Somado a isso, tem-se que a vida privada da pessoa natural é inviolável, e o juiz, a requerimento do interessado, adotará as providências necessárias para impedir ou fazer cessar ato contrário a essa norma (artigo 21).

Assim, imaginemos a hipótese de um condômino nocivo, que em vista do seu reiterado comportamento antissocial gere incompatibilidade de convivência com a comunidade condominial:

O síndico, no estrito cumprimento da lei (artigo 1.345, do Código Civil), convoca uma Assembleia Geral Extraordinária para discutir a aplicação do constrangimento, àquele condômino, de pagar até dez vezes a taxa condominial.

A assembleia, então, por ¾ (três quartos) dos condôminos (artigo 1.337, do Código Civil), observado o direito de defesa do transgressor, aplica a multa de dez vezes o valor da contribuição condominial (artigo 1.337, parágrafo único, do Código Civil).

Todavia, paga a multa, suponhamos que o condômino não cesse o comportamento intolerável, podendo vir, até mesmo, a piorá-lo.

Nesta hipótese, sustenta Américo Isidoro Angélico:

(...) O condomínio ingressa com pedido de tutela jurisdicional antecipada, colimando a exclusão do condômino, trazendo inequívoca prova dos fatos ocorridos, demonstrando a verossimilhança das alegações e preenchendo todos os demais pressupostos legais exigidos (art. 273, do CPC), requerendo a exclusão do condômino daquele condomínio. O condomínio, então autor, pode também, com base no art. 461, § 5º, do CPC, requerer ao juiz a concessão da tutela específica da obrigação, e, assim, de ofício ou a requerimento, poderá determinar a remoção de pessoas e coisas (arts. 273 ou 461 do CPC, confronte-se com Nelson Nery Junior e Rosa Maria de Andrade Nery, Código de Processo Civil comentado, 6. ed., São Paulo: RT, atualizado até 15.03.2002, e Theotonio Negrão, Código de Processo Civil e legislação processual em vigor, 34. ed., São Paulo: Saraiva, atualizado até 04.06.2003, art. 461 e acréscimos, inclusive § 5º, consoante a Lei 10.444, de 07.05.2002). (ANGÉLICO, Américo Isidoro. op. cit., p. 100.)

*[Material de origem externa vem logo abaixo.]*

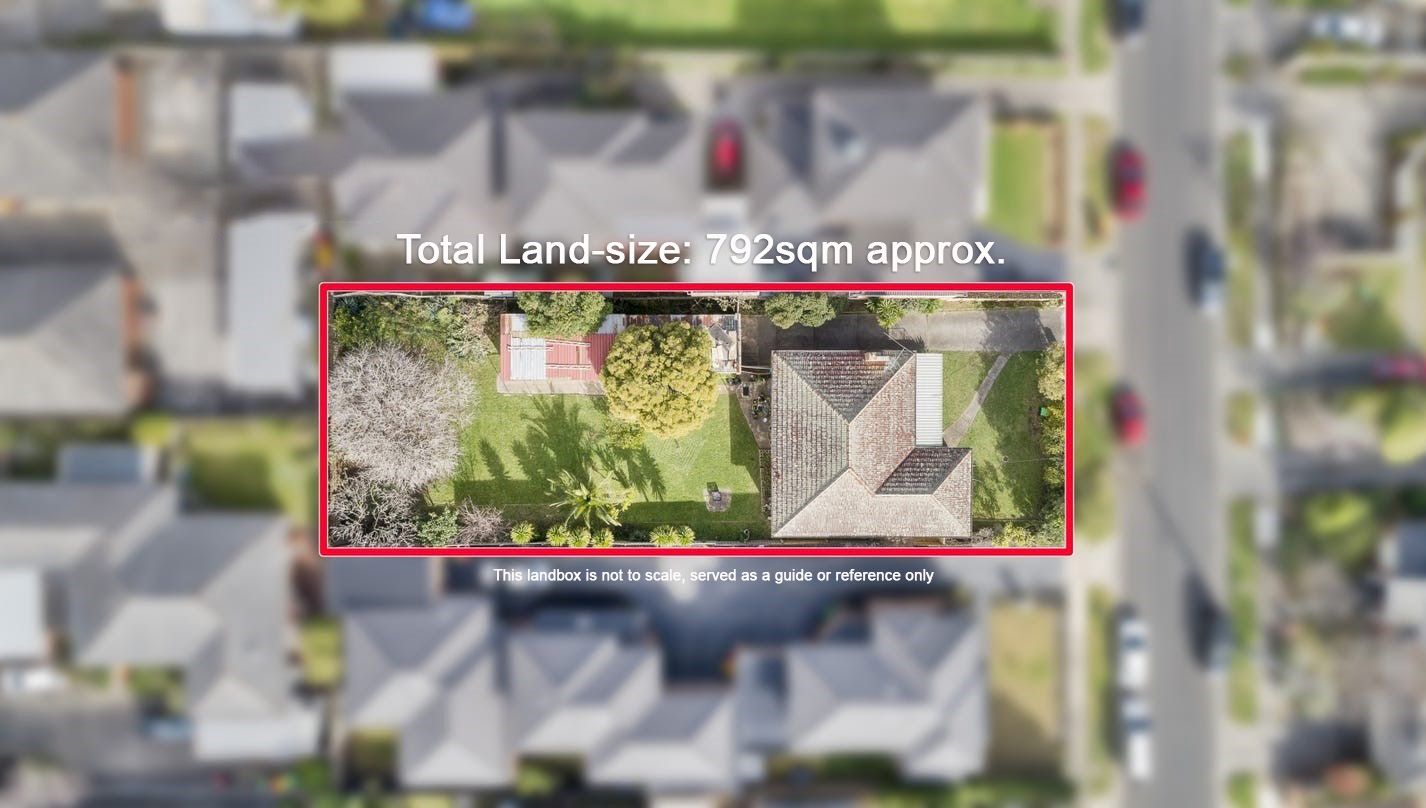 21 Larbert Road, Noble Park VIC 3174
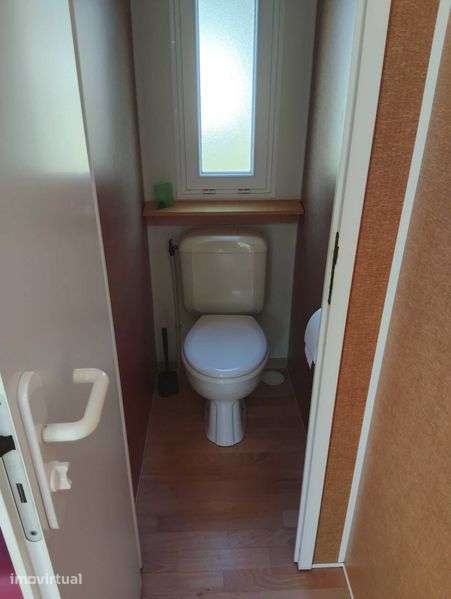 Mobil home T2 em muito bom estado - Grande imagem: 5/8
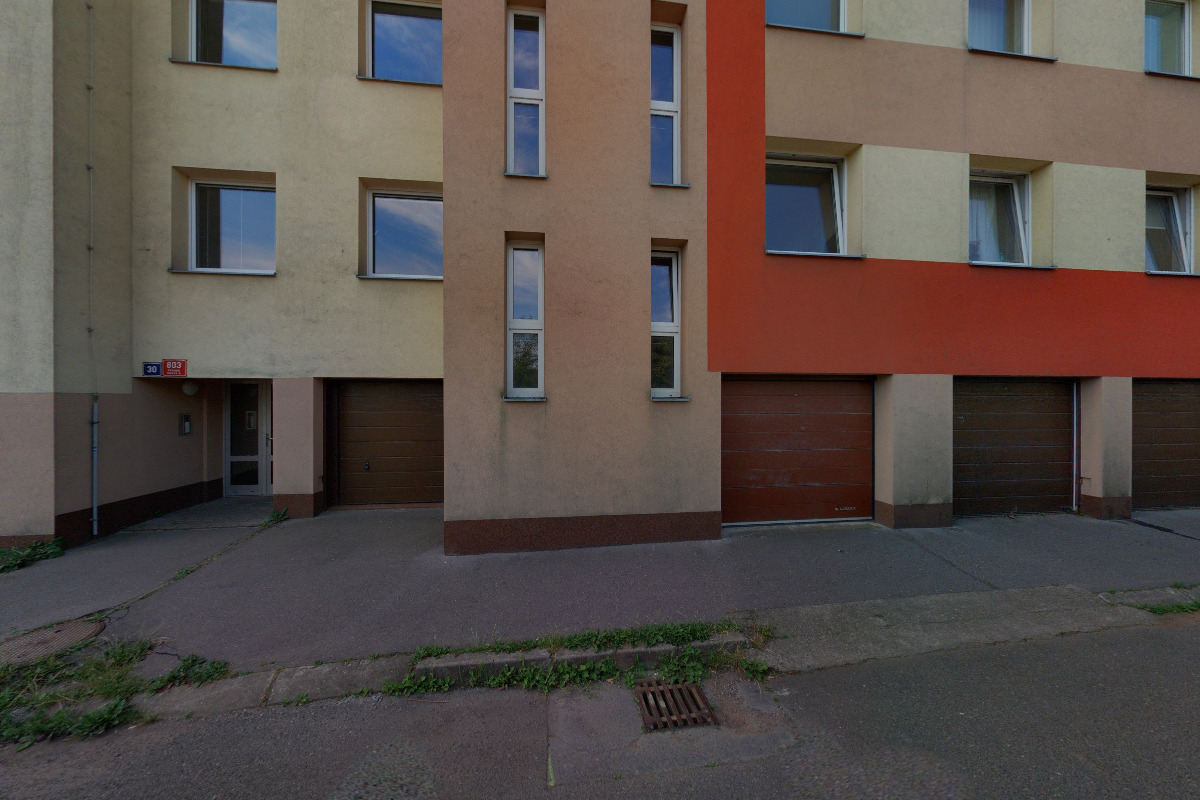 Ing. arch. Michaela Havlíčková foto 2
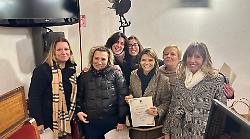 Castellina in Chianti, grande festa per celebrare gli 80 anni dal primo voto alle donne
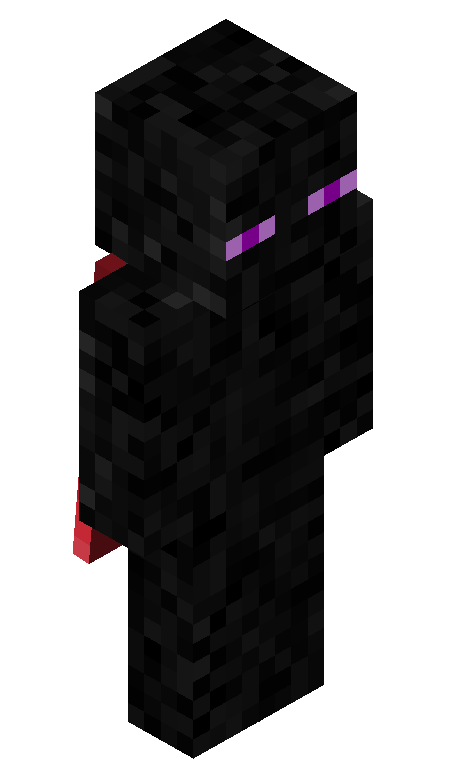 Ekkelangelo skin - FULLBODY_ISO_FRONT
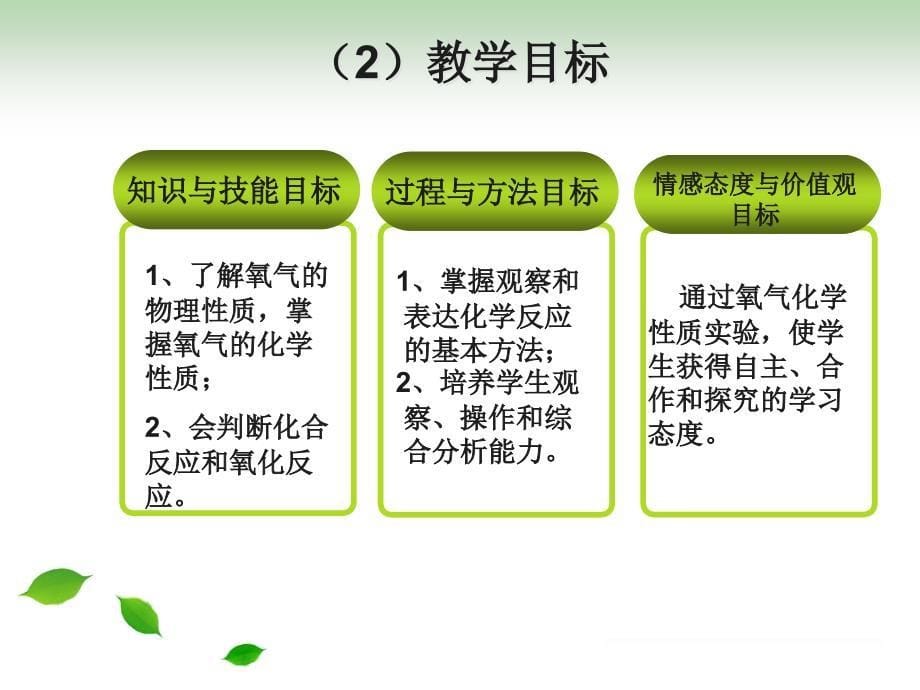 2.2 氧气 （新人教版九年级上册） (3).ppt_第5页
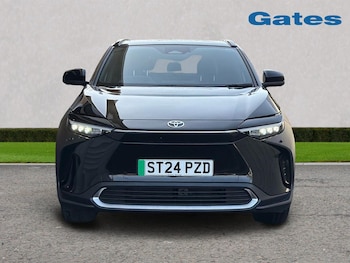 Used Toyota bz4x 2024 for sale - 78512837: Photo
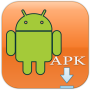 icon Apk Sharing для BLU Studio J5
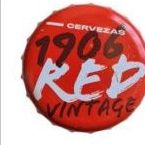 1906 Red Vintage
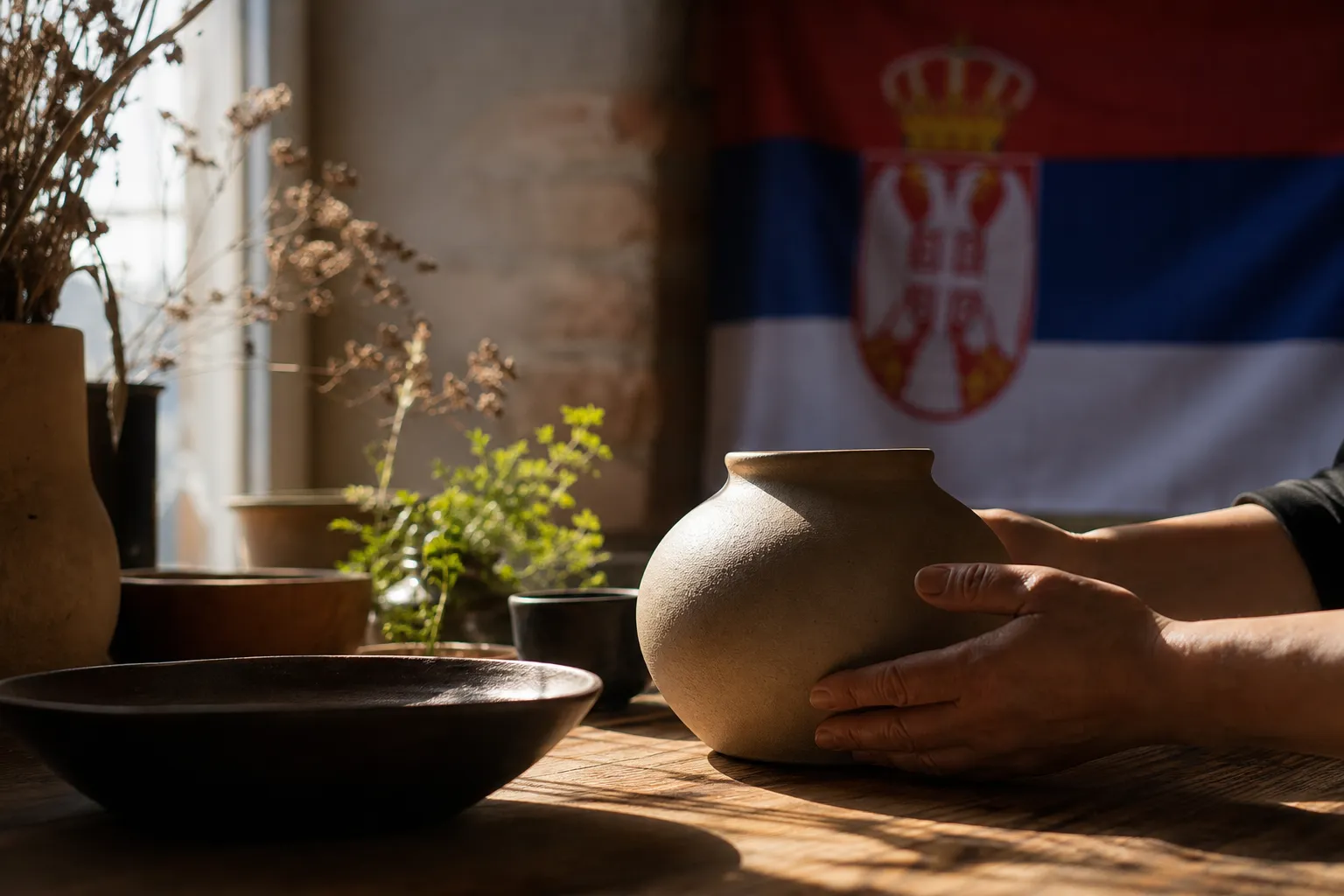 open foundation endowment serbia
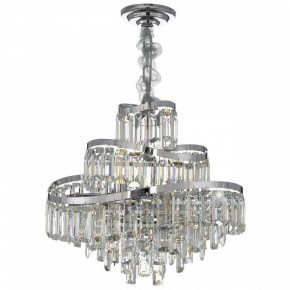 Подвесная люстра Citilux Naiad CL315151 в Снежинске - snezhinsk.ok-mebel.com | фото 2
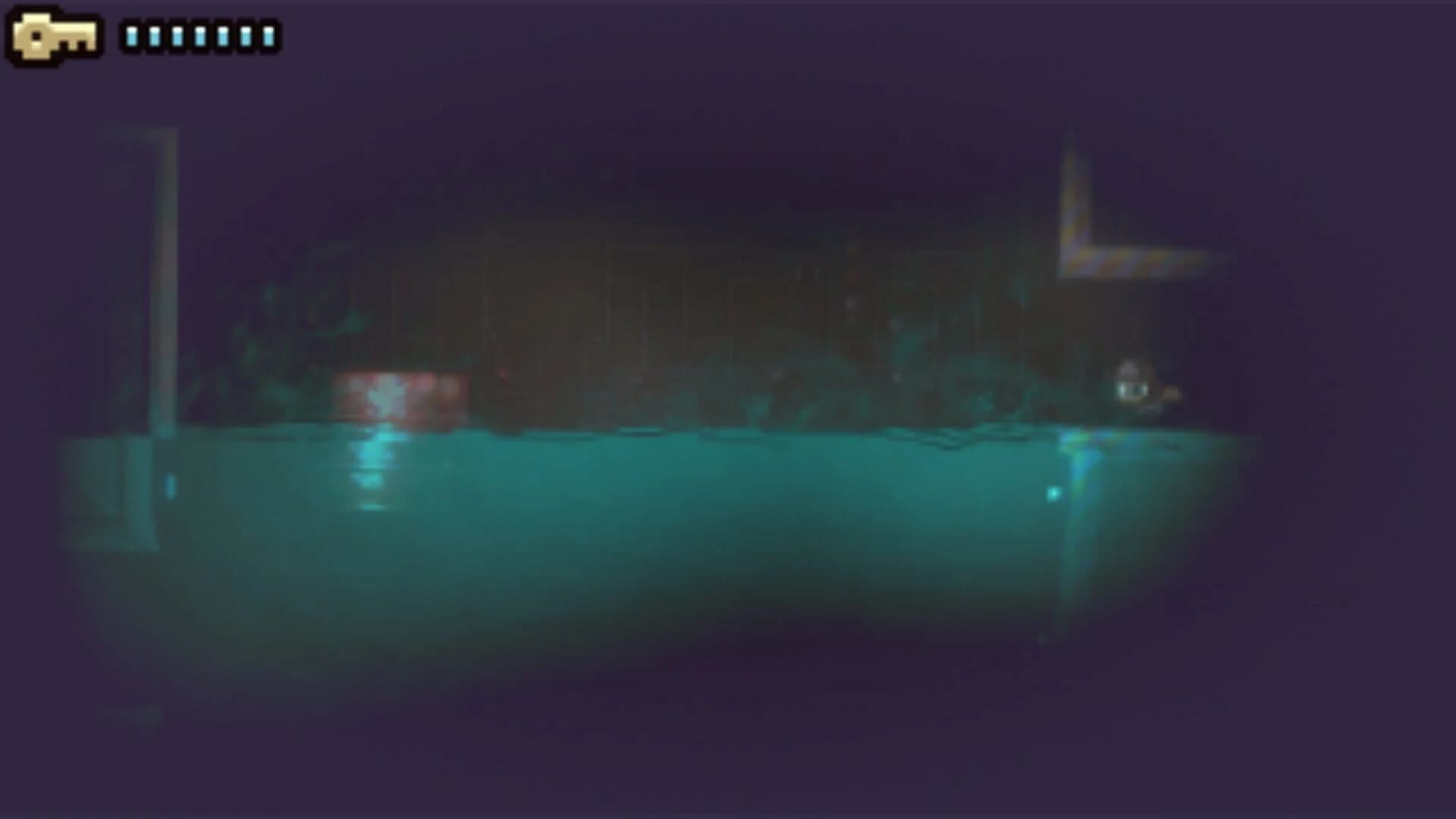 Wake screenshot 1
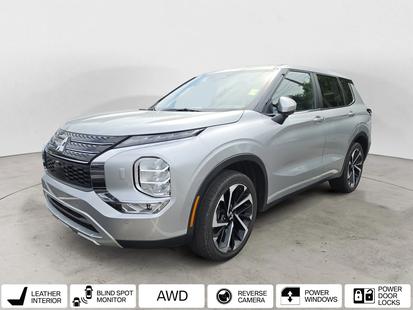 mitsubishi outlander 2024 JA4J4VA82RZ029853 image mitsubishi outlander 2024 JA4J4VA82RZ029853 image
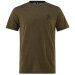 Bula - Pacific Solid Merino Tee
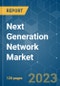 Next Generation Network Market - Growth, Trends, COVID-19 Impact, and Forecasts (2023 - 2028) - Product Thumbnail Image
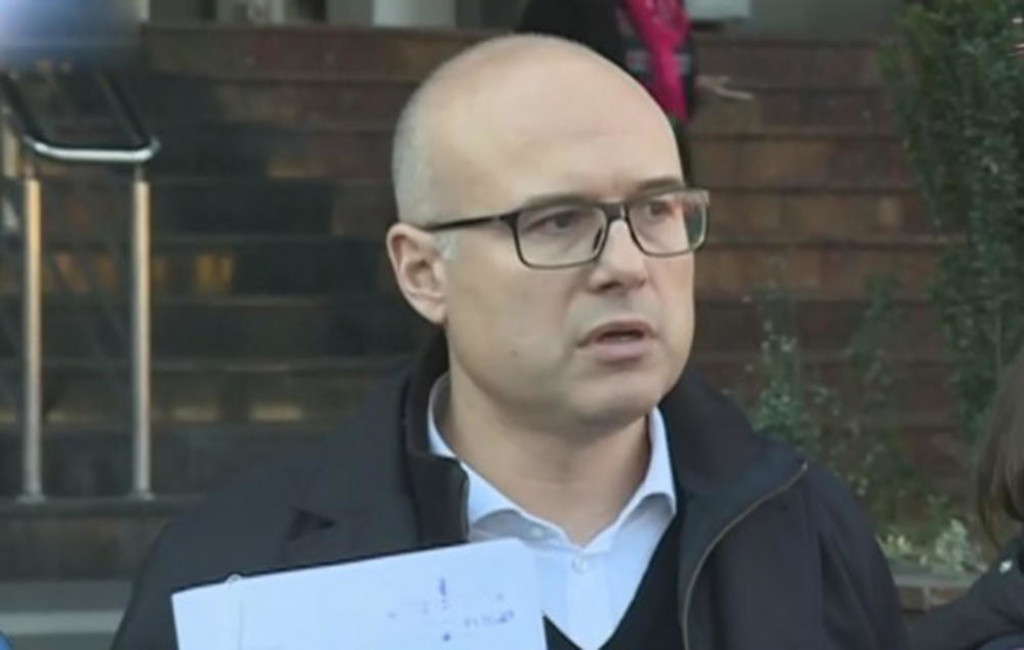 Milo&scaron; Vučević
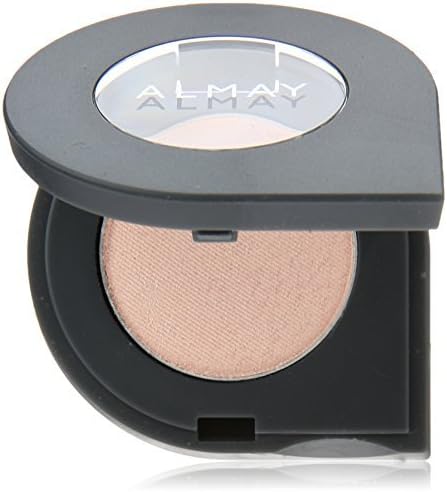 Almay Shadow Softies, Creme Brulee, 0.07 Ounce by Almay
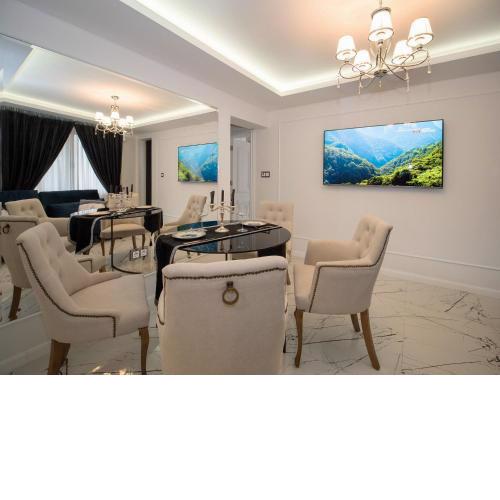 Paradise Center Premium Siute 2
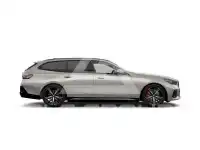 2025 BMW I5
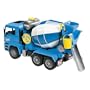 Bruder MAN Cement Mixer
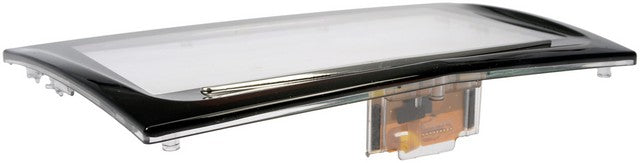 Dorman - OE Solutions Monitor de InfoEntretenimiento P/N:601-703 Fits: Cadillac Ats 17-13, Cadillac Cts 17-14, Cadillac Elr 16-14, Cadillac Escalade 17-15, Cadillac Escalade Esv 17-15, Cadillac Srx 16-13, Cadillac Xts 17-13 - Image 4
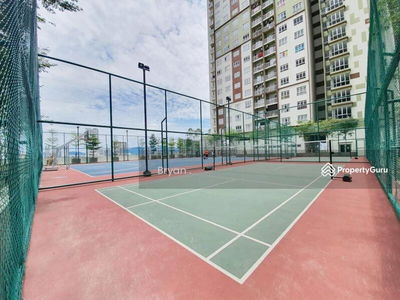 Sky Awani Residensi, Sentul, Malaysia Sky Awani Residensi, Sentul, Malaysia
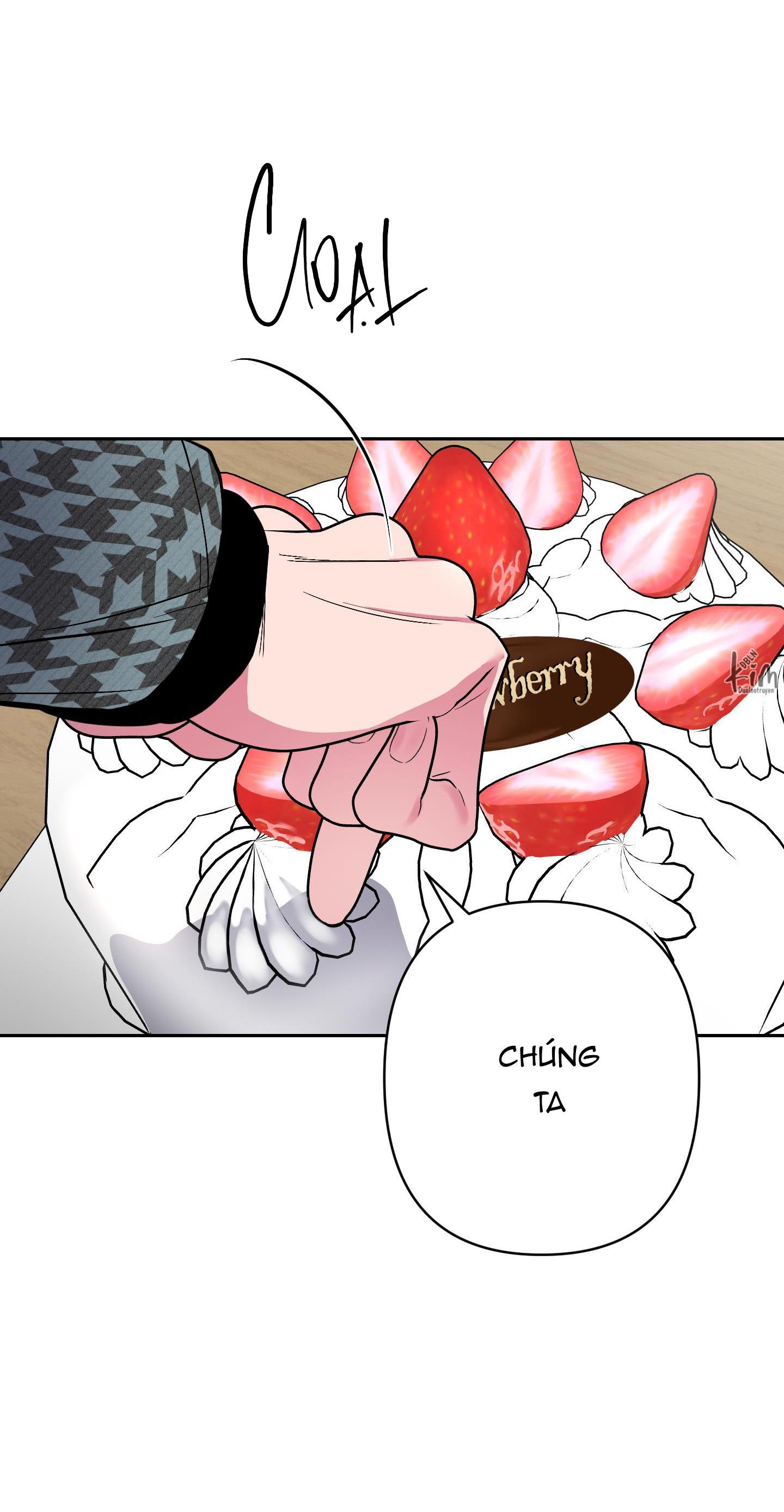 anh, hình như em tăng cân rồi chapter 16 18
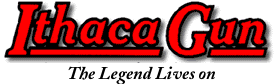 Ithaca Guns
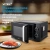 Микроволновая Печь Vitek VT-MW0220 20л. 700Вт черный - купить недорого с доставкой в интернет-магазине
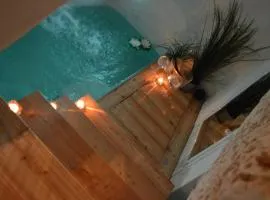 Ostuni 21mq Suite Home Anniversary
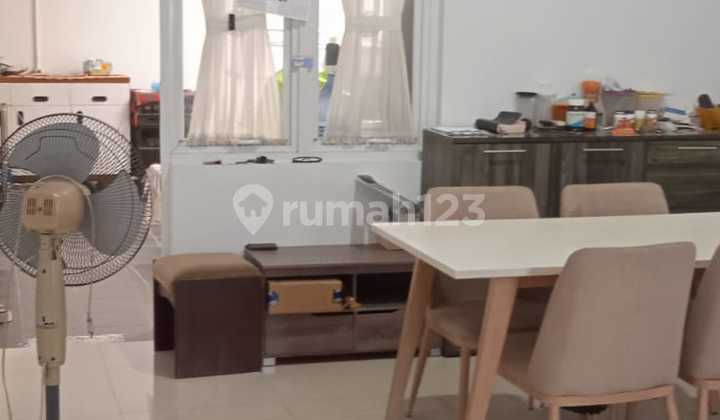 For Sale House In Paradise Regency Antapani 2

Defende o jurista a possibilidade de exclusão pelo juiz do coproprietário da unidade condominial, mantido, contudo, seu patrimônio. Ou seja, poderá locá-lo, emprestá-lo ou vendê-lo. Porém, perderá ou terá suspenso, a depender do caso, o direito de convivência naquele condomínio.

Em suma, defende que o juiz poderá adotar as providências necessárias para evitar a continuidade do comportamento, no caso concreto, lançando mão da sistemática do art. 461, do CPC, que prima pela concessão da tutela específica da obrigação ou determinação de providências que assegurem o resultado prático equivalente ao do adimplemento, se procedente pedido de obrigação de fazer ou não fazer, convertendo-se a obrigação em perdas e danos, tão somente, se o autor assim requerer, ou impossíveis as primeiras opções.

Pode-se, inclusive, conceder a antecipação dos efeitos da tutela, satisfeitos os requisitos do art. 273, do CPC, relevante fundamento da demanda e justificado receio de ineficácia do provimento final.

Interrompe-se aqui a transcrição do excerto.